Exhuming Munitions via Turbulence-Induced Bed Fluidization
Dr. Blair Johnson | University of Texas at Austin
The objective of this project is to determine the extent to which turbulence can fluidize a sediment bed and subsequently expose buried munitions or impact development of bedforms. The experimental campaign utilizes a laboratory facility in which turbulence is generated by a Randomly Actuated Synthetic Jet Array (RASJA – Variano & Cowen 2008) and mean flows are negligible. By design, turbulence generated in this facility is a close model for bore-advected turbulence, in which instantaneous local shear stresses significantly outweigh bed stresses due to mean or oscillatory flows. It has been observed that ripples can develop under turbulent forcing even in the absence of observable sediment suspension. Further, it has been shown in previous research that significant local pressure gradients may exist in the boundary layer of mean shear free turbulent flows. For these reasons, the researchers hypothesize that there is a great likelihood for sediment beds exposed to highly energetic turbulence to fluidize, leading to potential bed dilation and mobility of sand grains to form ripples. With this potential for significant mobility within the bed, it is further hypothesized that buried munitions may be exhumed during fluidization conditions.
The technical approach describes a detailed and systematic method of determining the requisite fluid and sediment conditions conducive to fluidization and munitions exposure. Emphasis is placed on establishing repeatable experiments with many synchronized measurement devices in order to obtain data linking instantaneous flow forcing with subsequent sediment dynamics. By performing dye studies where fluorescent dye is injected into the bed to highlight fluidization potential and experiments with cores of initially stratified sand layers, fluidization will be quantifiable in relation to the underlying flow conditions. In addition to exploring requisite turbulent forcing for exposure of munitions, the impact of buried or partially-exposed munitions on resulting bathymetry will be investigated as a means of noninvasively identifying submerged UXO in the field and their likelihood to be transported. Several model munitions of varying geometry and density will be tested in a range of flows scaled to mimic environmental conditions across an array of natural beaches and aquatic systems to evaluate mobility.

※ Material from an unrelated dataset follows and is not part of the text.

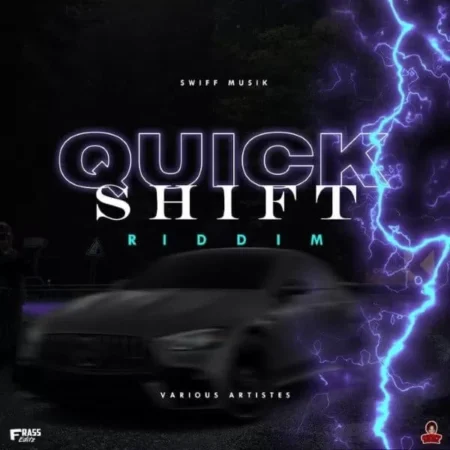 Quick Shift Riddim – Swiff Musik Quick Shift Riddim - Swiff Musik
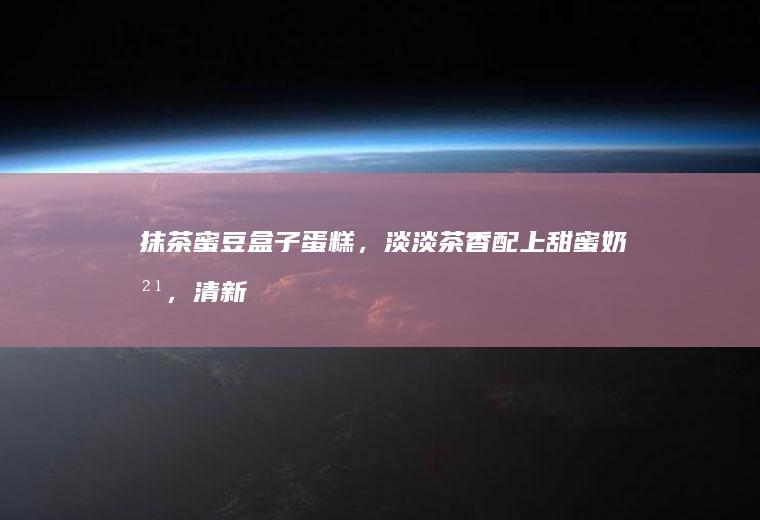 抹茶蜜豆盒子蛋糕，淡淡茶香配上甜蜜奶油，清新不甜腻。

This project will provide guidance on how turbulent flows in low mean shear environments (e.g. nearshore, stratified lakes, estuaries) can impact mobility of buried munitions. Due to the highly controllable and optically accessible laboratory facility, there will be significant simultaneous datasets detailing links between flow velocity, instantaneous local pressure gradients, sediment suspension, bed porosity, morphological evolution, bed fluidization, and munitions mobility. Although such measurements are often prohibitively difficult in field conditions, the experimental facility can generate flows with a variety of turbulence levels, as measured via dissipation rates, integral scales, and energy spectra, among others, to ensure adequate scaling with a wide variety of environments. This dataset can be used to supplement experiments in field scenarios and/or in wave flumes where measurements relying upon full optical access may be restricted. By determining flow and sediment conditions conducive to exposure, as well as identifying morphological features indicative of buried munitions, detection processes may be significantly simplified and ultimately addressed via remote sensing techniques. Furthermore, if findings from the project work show thresholds of turbulence in which munitions across a range of geometries and densities are relatively easily exhumed, it may be possible to improve remediation technologies to more efficiently address buried munitions.